I've seen somewhere that using MDF will dull a bit faster than wood. If so how hard is MDF on the bits and should it be avoided.
Thanks
Stuart


----------



## Stick486 (Jan 4, 2013)

pusserboy said:


> I've seen somewhere that using MDF will dull a bit faster than wood. If so how hard is MDF on the bits and should it be avoided.
> Thanks
> Stuart


it's not the hardness it's the abrasiveness...
IIRC there is about a 30 ~ 40% reduction in bit life...
economy bits don't last because of the softer carbide...
the dust is major detrimental to your health...

MDF is basically glorified particle board.
Just like particle board, MDF will soak up water and other liquids like a sponge and swell unless it’s very well sealed on all sides and edges with primer, paint, or another sealing product. 
Because it consists of such fine particles, MDF doesn’t hold screws very well, and it’s very easy to strip the screw holes.
Because it’s so dense, MDF is very heavy. This can make it more difficult to work with, especially if you don’t have a helper who can help you lift and cut the large sheets.
MDF can’t be stained. Not only does it soak up stain like a sponge, but also because there’s no wood grain on MDF, it looks awful when it’s stained. (Kind of like staining particle board. Why would you bother?)
MDF contains VOCs (urea-formaldehyde). Off gassing can be greatly minimized (but probably not eliminated) if the MDF is encapsulated with primer, paint, etc., but care needs to be taken while cutting and sanding to avoid inhalation of the particles.


----------



## JOAT (Apr 9, 2010)

Can't tell you on that. I hate MDF, and don't use it. So, it doesn't wear my bits any at all.
:grin:

But, bits will wear out, no matter what you use them on. Me, I just buy another bit when one wears out, and don't worry about it.


----------



## Steven Owen (Aug 14, 2017)

JOAT said:


> Can't tell you on that. I hate MDF, and don't use it. So, it doesn't wear my bits any at all.
> :grin:
> 
> But, bits will wear out, no matter what you use them on. Me, I just buy another bit when one wears out, and don't worry about it.
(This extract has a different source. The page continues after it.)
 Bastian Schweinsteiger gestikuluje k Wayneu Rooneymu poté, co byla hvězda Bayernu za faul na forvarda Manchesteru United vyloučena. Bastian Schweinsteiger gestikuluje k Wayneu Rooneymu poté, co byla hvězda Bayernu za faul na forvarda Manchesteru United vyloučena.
I would think you could get 5-6 sharpenings out of a high quality bit. I’m surprised you’d be tossing any dull bits out.


----------



## Herb Stoops (Aug 28, 2012)

Talk about dull bits, the original router HSS bits didn't last long, When they turned from blue to black they were over done , just toss them, when they cooled off.
Herb


----------



## JOAT (Apr 9, 2010)

Steven Owen said:


> I would think you could get 5-6 sharpenings out of a high quality bit. I’m surprised you’d be tossing any dull bits out.


Possibly so, but there would be no money advantage to me by sharpening, I actually come out a bit ahead by buying new. Highly possible that this is so because I just use flush trim bits for about 99.99% of what I make. If I used different types of bits, this might not be so. Then there is the fact that I don't buy high quality bits, just decent quality carbide bits, at decent prices. Not sure how long I've been using my present bit, but it's been several years.


----------



## DesertRatTom (Jul 3, 2012)

I have a couple of small diamond sharpening cards that are for sharpening bits. The trick of sharpening is to make the cutter edge as square as possible. You don't sharpen the outside edge, that can alter the width and profile. You sharpen the flat, really its almost polishing, you're just reestablishing that edge, not grinding one. Note the Trend lubricant.


----------



## pusserboy (Mar 4, 2018)

Thank you all gentlemen. Will take your advice.
Stuart


----------